Below are records with pictures. Reproduce exactly the lines from the line with "Mini GPS Tracker" to the line with "Sideboard 2 Drawers", inclusive, and leave each picture out.

[[ DATA UNDER STUDY open ]]

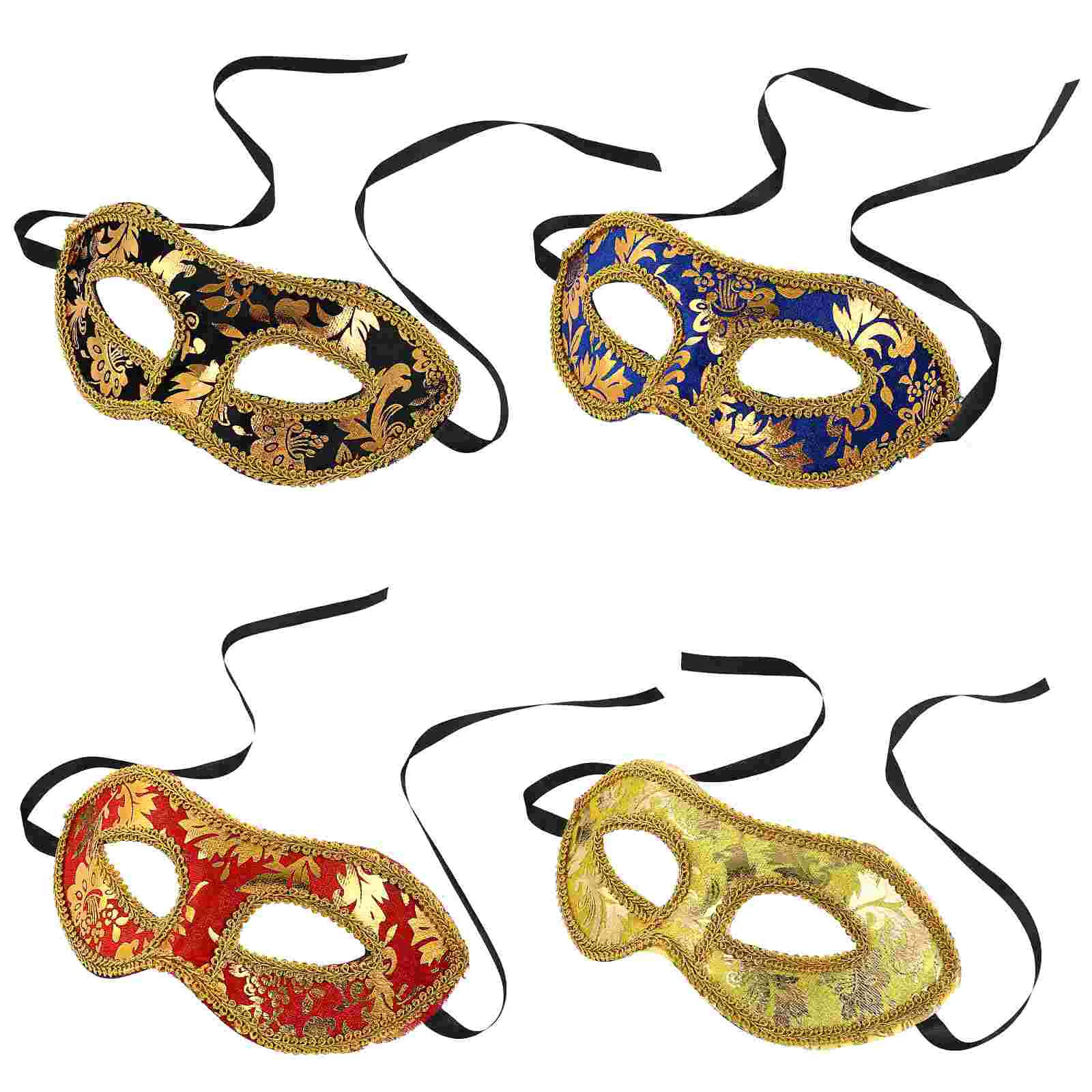 

12 шт. полумаска для лица реквизит макияж маскарад Хэллоуин для мужчин косплей мужской банкет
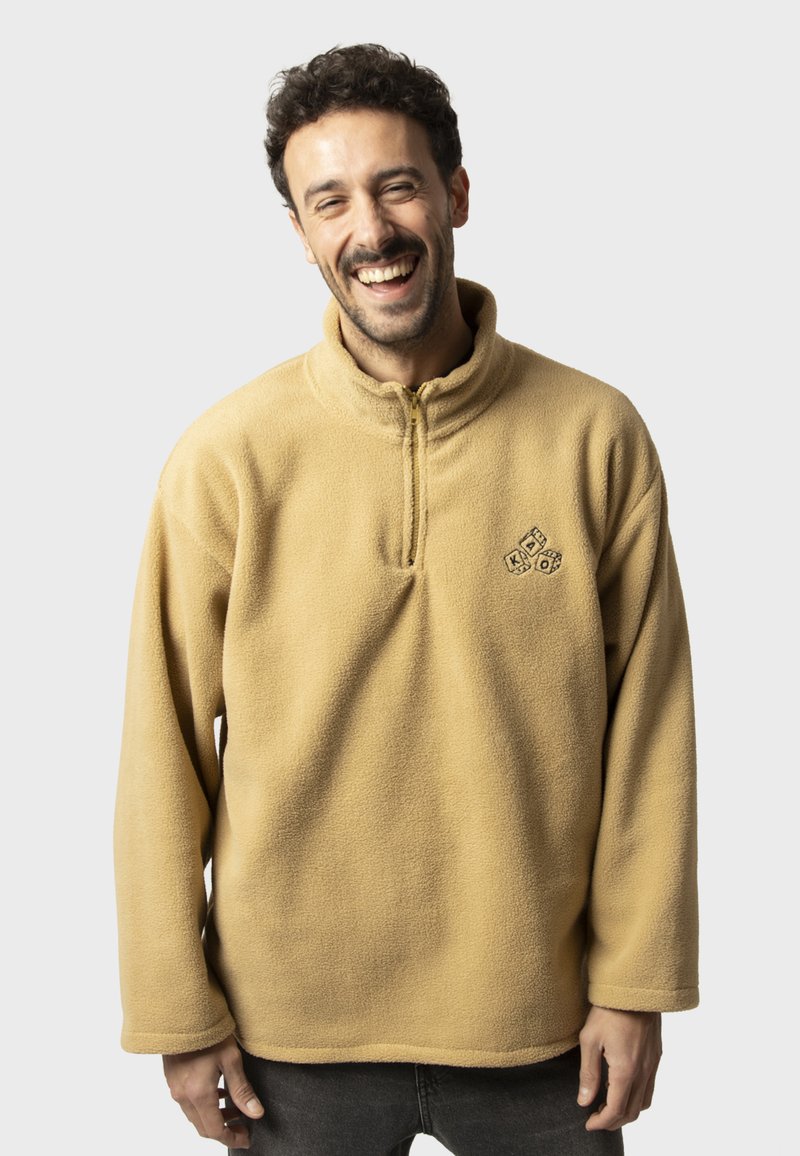 Kaotiko NO RISK UNISEX - Fleece trui - camel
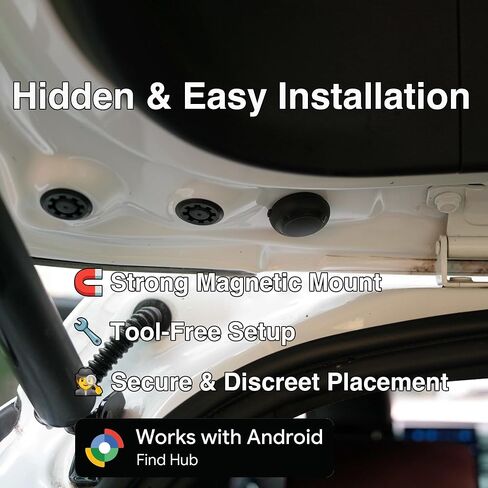Mini GPS Tracker للمركبات - يعمل مع Apple Find My ، بدون رسوم شهرية ، جهاز تعقب السيارات المغناطيسي المخفي لتتبع موقع السيارة (iOS فقط) in Saudi Arabia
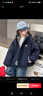 乖妮貓女童冬季加厚棉服2026新款兒童冬季韓系夾棉加厚格子連帽棉衣外套 藏青色 160 碼 曬單實(shí)拍圖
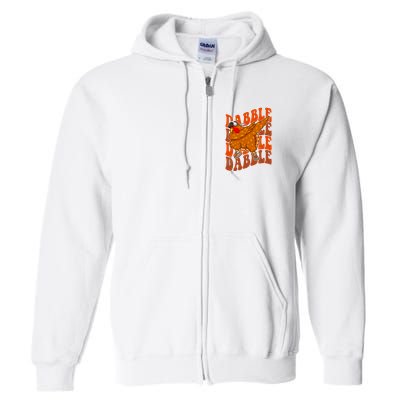 Dabble Dab Turkey Thanksgiving Full Zip Hoodie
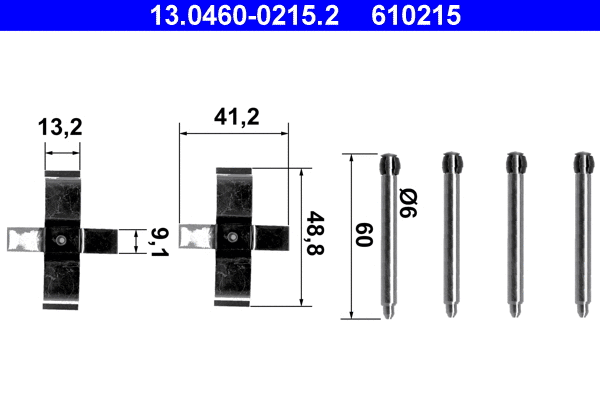 Accessory Kit, disc brake pad (13.0460-0215.2)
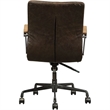 Scranton & Co Leather Adjustable Swivel Office Chair in Chocolate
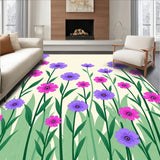 Blossom Field Welcoming Arch Doorway Floral Botanical Entrance(Purple)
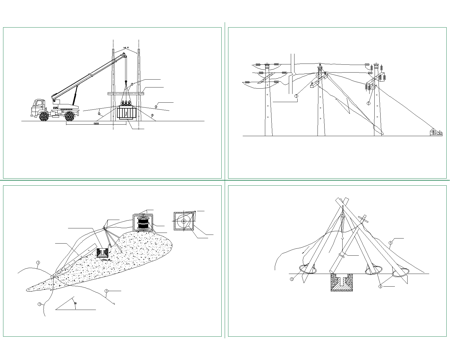 变电站安装施工cad施工图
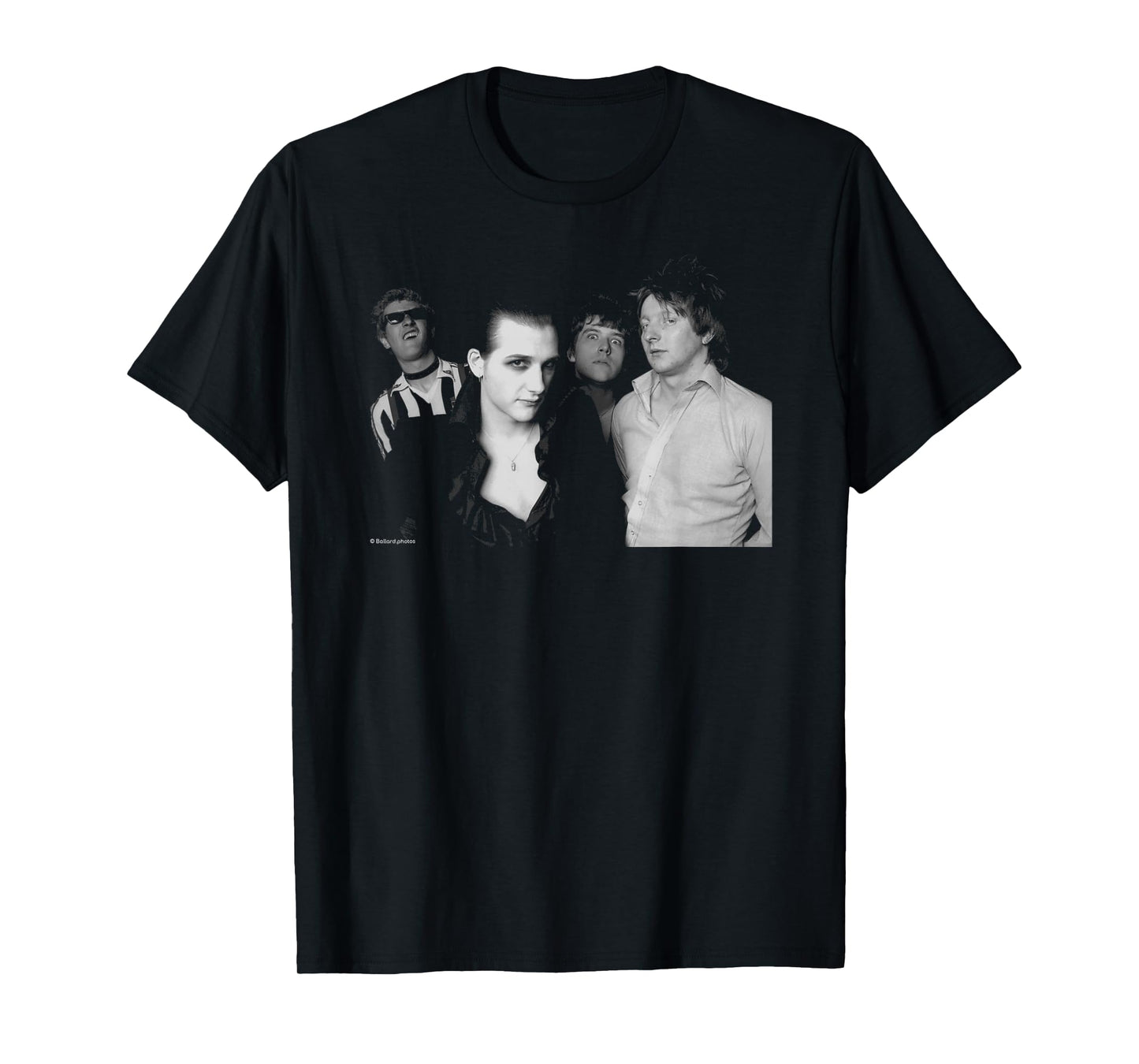 The Damned Rock Band Portrait By Allan Ballard T-Shirt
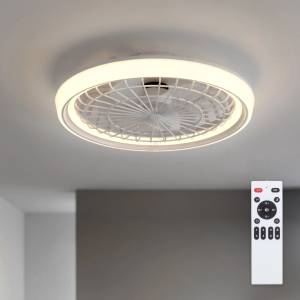 Brilagi - LED димируем таванен вентилатор LED/40W/230V Ø 48 см бял + дистанционно управление (BG4016)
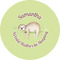 Sloth 2" Multipurpose Round Labels - Single Sticker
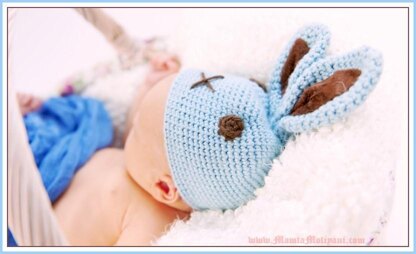 Crochet Easter Bunny Hat Pattern For Children & Newborn Baby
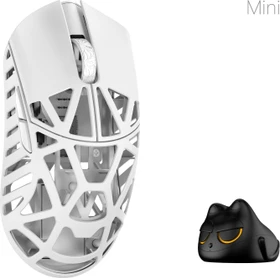 WLMouse Beast X Mini Pro Wireless 8K Magnesium Gaming Mouse, Side Slits + TTC, weiß, USB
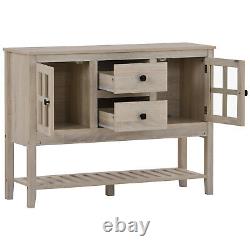 Sideboard 2 Drawers 2 Doors Cupboard Kitchen Buffet Cabinet With Storage Shelf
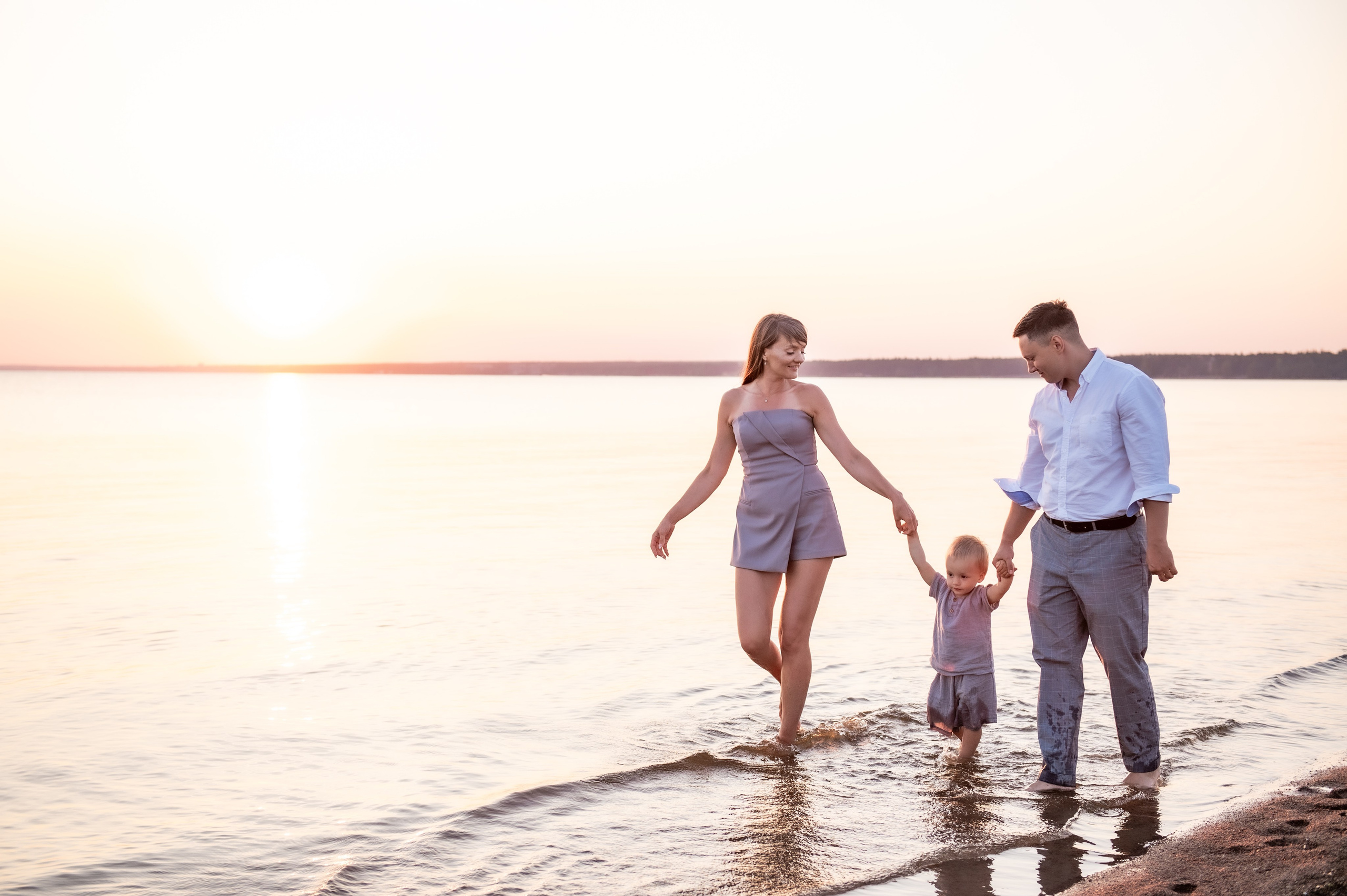 Семейная съемка на пляже. Свадебный и семейный фотограф в Санкт-Петербурге — Мария Черепанова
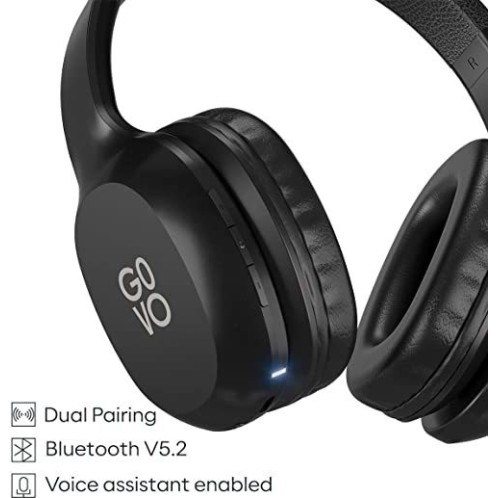 GOVO GOBOLD 410 Bluetooth Wireless On Ear Headphone with Mic, Bluetooth & Wired Headset (Black, On the Ear) GOVO GOBOLD 410 Bluetooth Wireless On Ear Headphone with Mic, Bluetooth & Wired Headset (Black, On the Ear)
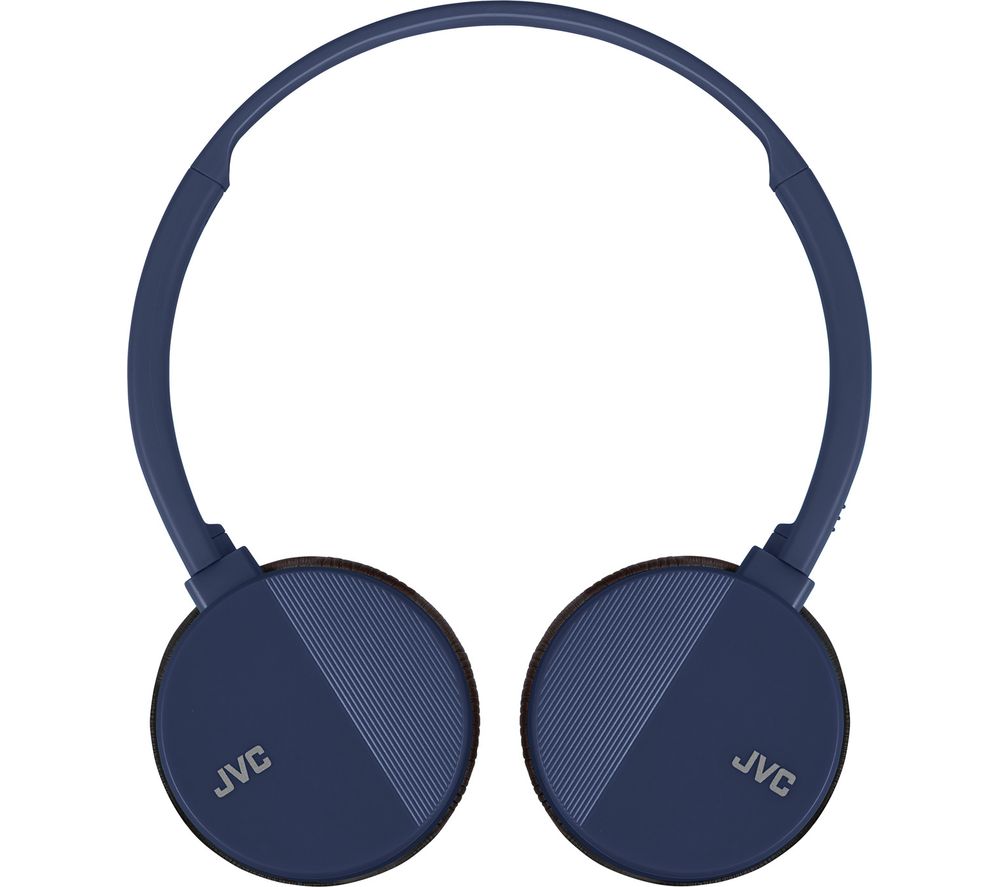 JVC Street Sound HA-S24W-A-E Wireless Bluetooth Headphones - Blue, Blue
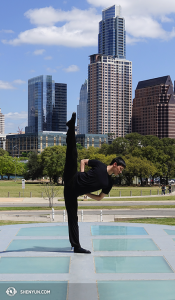 Daren Chou på Long Center for Performing Arts i Austin, Texas. (Foto av Pierre Huang)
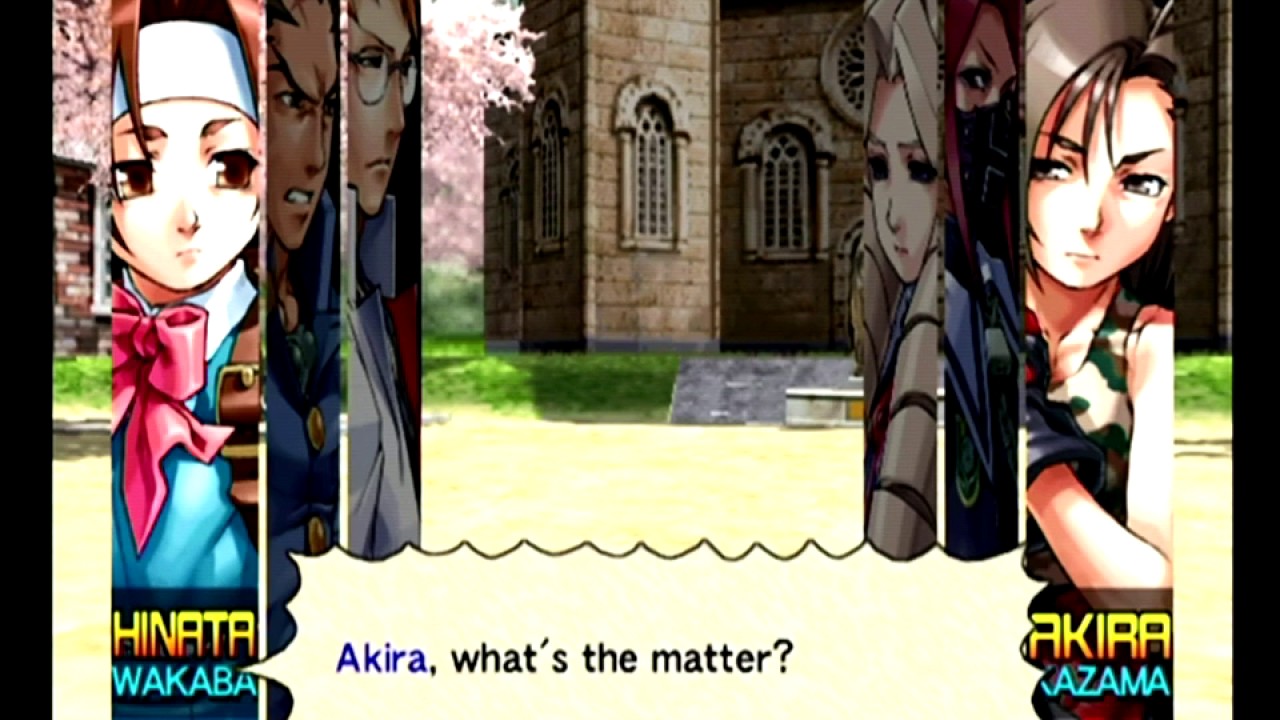 Project Justice (Dreamcast) Story Mode as Batsu, Hinata & Kyosuke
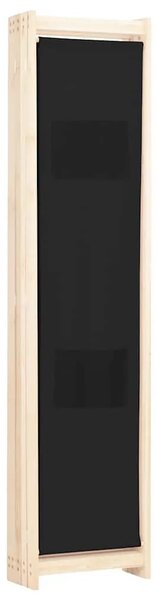 Paravan - Sobna pregrada s 5 panela od tkanine 200 x 170 x 4 cm crna - Crna 5 1 Crna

[[ DATA UNDER STUDY closed ]]

* [TASK RESULT]:
Mini GPS Tracker للمركبات - يعمل مع Apple Find My ، بدون رسوم شهرية ، جهاز تعقب السيارات المغناطيسي المخفي لتتبع موقع السيارة (iOS فقط) in Saudi Arabia
 乖妮貓女童冬季加厚棉服2026新款兒童冬季韓系夾棉加厚格子連帽棉衣外套 藏青色 160 碼 曬單實(shí)拍圖
 Dabble Dab Turkey Thanksgiving Full Zip Hoodie
 Accessory Kit, disc brake pad (13.0460-0215.2)
 Scranton & Co Leather Adjustable Swivel Office Chair in Chocolate
 Blossom Field Welcoming Arch Doorway Floral Botanical Entrance(Purple)
 变电站安装施工cad施工图
 The Damned Rock Band Portrait By Allan Ballard T-Shirt
 Brilagi - LED димируем таванен вентилатор LED/40W/230V Ø 48 см бял + дистанционно управление (BG4016)
 Sloth 2" Multipurpose Round Labels - Single Sticker
 Crochet Easter Bunny Hat Pattern For Children & Newborn Baby
 WLMouse Beast X Mini Pro Wireless 8K Magnesium Gaming Mouse, Side Slits + TTC, weiß, USB
 Sideboard 2 Drawers 2 Doors Cupboard Kitchen Buffet Cabinet With Storage Shelf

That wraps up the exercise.